There are several givens in life. Placing your hand on a hot stove will result in a great deal of pain and the state always wants a cut of the action. Cannabis legalization in Colorado may be going back to the drawing board. It’s not because there has been an uptick in violent crime, it’s because the state wants a cut:
The proposal for a marijuana ballot measure came as the House started debate Friday evening on bills to regulate and tax pot. One bill would state how pot should be grown and sold, and the other would tax recreational marijuana more than 30 percent.
A draft bill floating around the Capitol late this week suggests that a new ballot question on pot taxes should repeal recreational pot in the state constitution if voters don’t approve 15 percent excise taxes on retail pot and a new 15 percent marijuana sales tax. Those would be in addition to regular state and local sales taxes.

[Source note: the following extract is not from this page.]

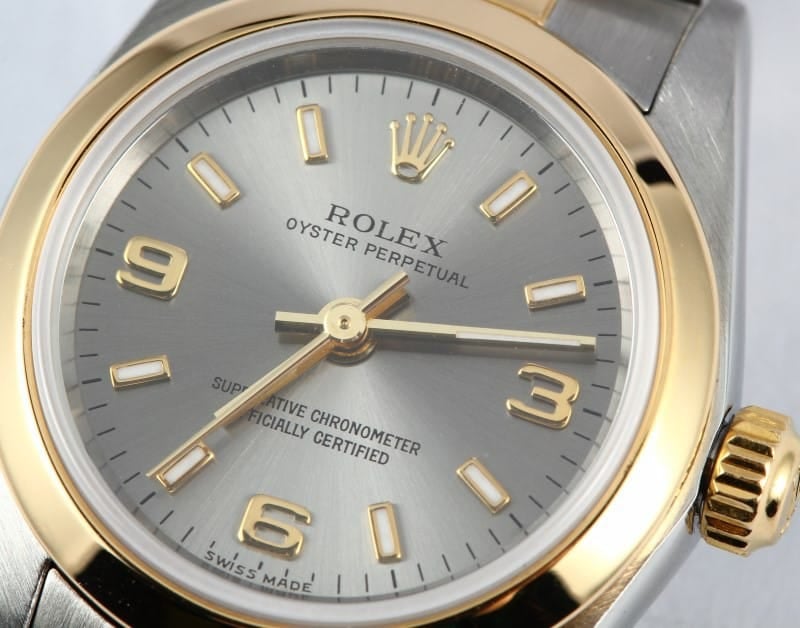 Ladies Rolex Oyster Perpetual Two Toned 76183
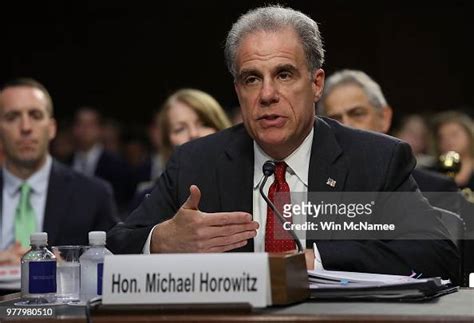 Justice Department Inspector General Michael Horowitz Testifies News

Give the state a 15% (which will increase over time) cut or it will make cannabis illegal again. There are no permanent victories when you rely on the political process. All that can be achieved are temporary victories that can be revoked on a politician’s whim. This is why I don’t rely on politics to achieve anything. By relying on politics you’re giving tacit permission to the state to regulate. Since the political means was used to legalize cannabis now the state believes it has a right to tax cannabis sales. If advocates of cannabis legalization doesn’t agree the state will merely make cannabis illegal again and the fight will start from square one. Civil disobedience works because it exploits the state’s biggest weakness, public opinion. When people see the state isn’t all seeing they become more willing to disobey its decrees and the state, therefore, has a vested interest in maintaining its omniscient image and is more apt to decriminalize behaviors that people are partaking in in spite of the law.